Thai ex-PM Yingluck ordered to pay US$305 million in damages over rice scheme

Ousted former Thai prime minister Yingluck Shinawatra greets supporters as she arrives at the Supreme Court in Bangkok, Thailand, on Aug 1, 2017. (File photo: REUTERS/Athit Perawongmetha)
BANGKOK: A Thai court on Thursday (May 22) ordered self-exiled former premier Yingluck Shinawatra to pay 10 billion baht (US$305 million) in damages over a botched rice pledging scheme that saw her sentenced in 2017 to five years in prison for negligence.
Yingluck, one of four members of the billionaire Shinawatra family to have served as prime minister, has been living overseas to avoid jail for failing to prevent corruption in the rice scheme, which paid farmers up to 50 per cent above market prices and caused massive losses to the state.
The programme, a flagship policy of her populist Pheu Thai party, cost the state billions of dollars and led to millions of tonnes of rice going unsold. Thailand is the world's second-largest rice exporter.

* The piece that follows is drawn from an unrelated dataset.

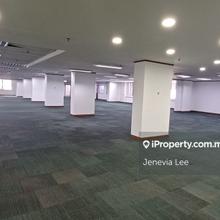 Plaza mont kiara office for rent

Thursday's ruling was on Yingluck's appeal against a previous order to pay 35 billion baht (US$1.07 billion) in damages to the finance ministry.
"The accused performed duties with gross negligence that caused damage to the state and therefore must pay compensation," the Supreme Administrative Court said, adding the previous order exceeded the legal threshold of her responsibility and was unlawful.

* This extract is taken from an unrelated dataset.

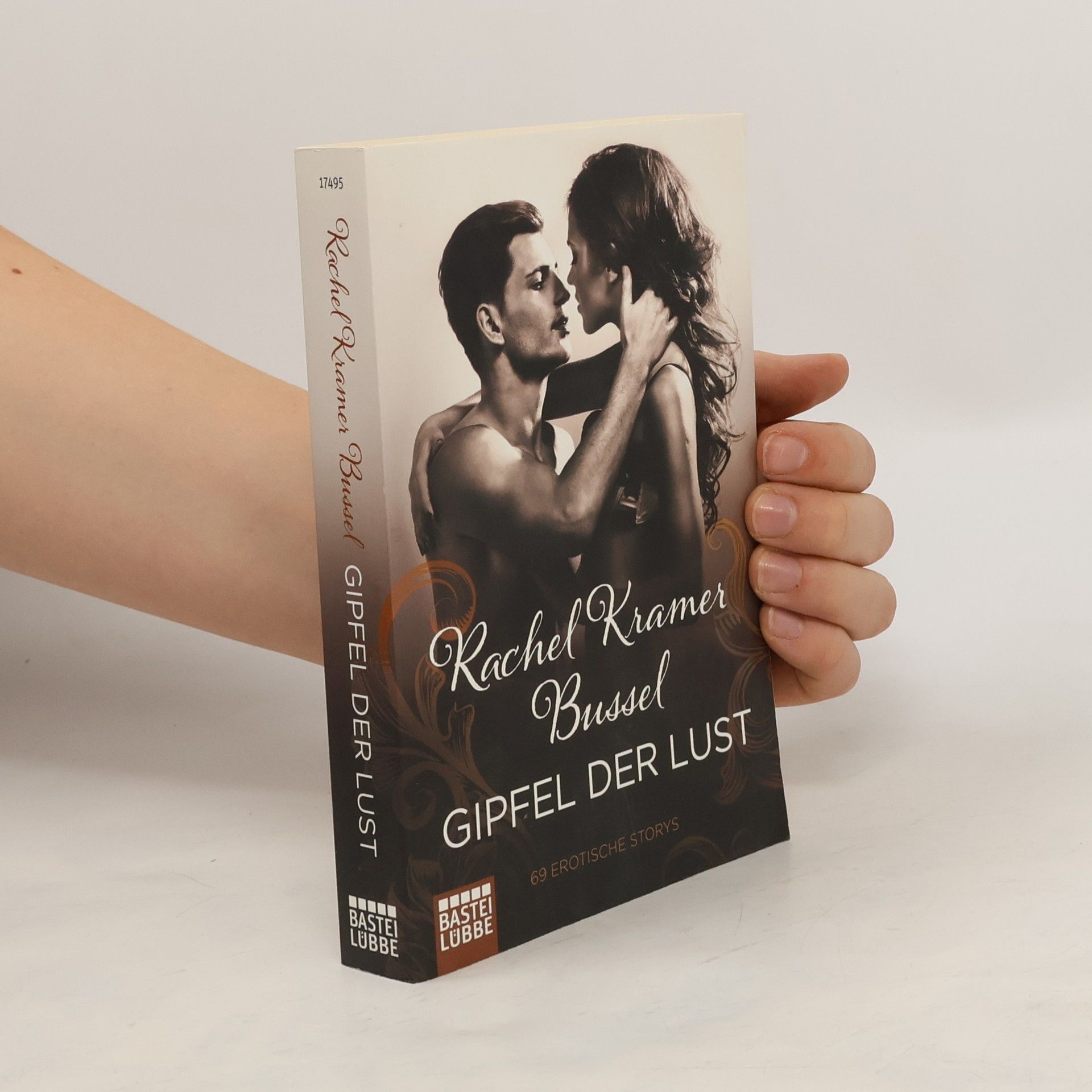 Rachel Kramer Bussel Gipfel der Lust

Yingluck, 57, came to power in 2011 after a landslide election victory and resigned just days before her government was ousted in a coup in 2014. She is the aunt of current Prime Minister Paetongtarn Shinawatra and younger sister of former premier and political heavyweight Thaksin Shinawatra.
Thursday's verdict comes less than two years after her family's Pheu Thai party returned to power after a decade in the political wilderness, coinciding with influential brother Thaksin coming home after 15 years in self-exile to avoid jail.
The Shinawatras have consistently denied wrongdoing and have long maintained they have been victims of political vendettas by powerful figures in the conservative establishment and royalist military.
Yingluck on Thursday said the order to pay 10 billion baht was excessive.
"Even if I repaid it my entire life, it would never be enough," she said on social media. "I will continue to demand and fight for justice."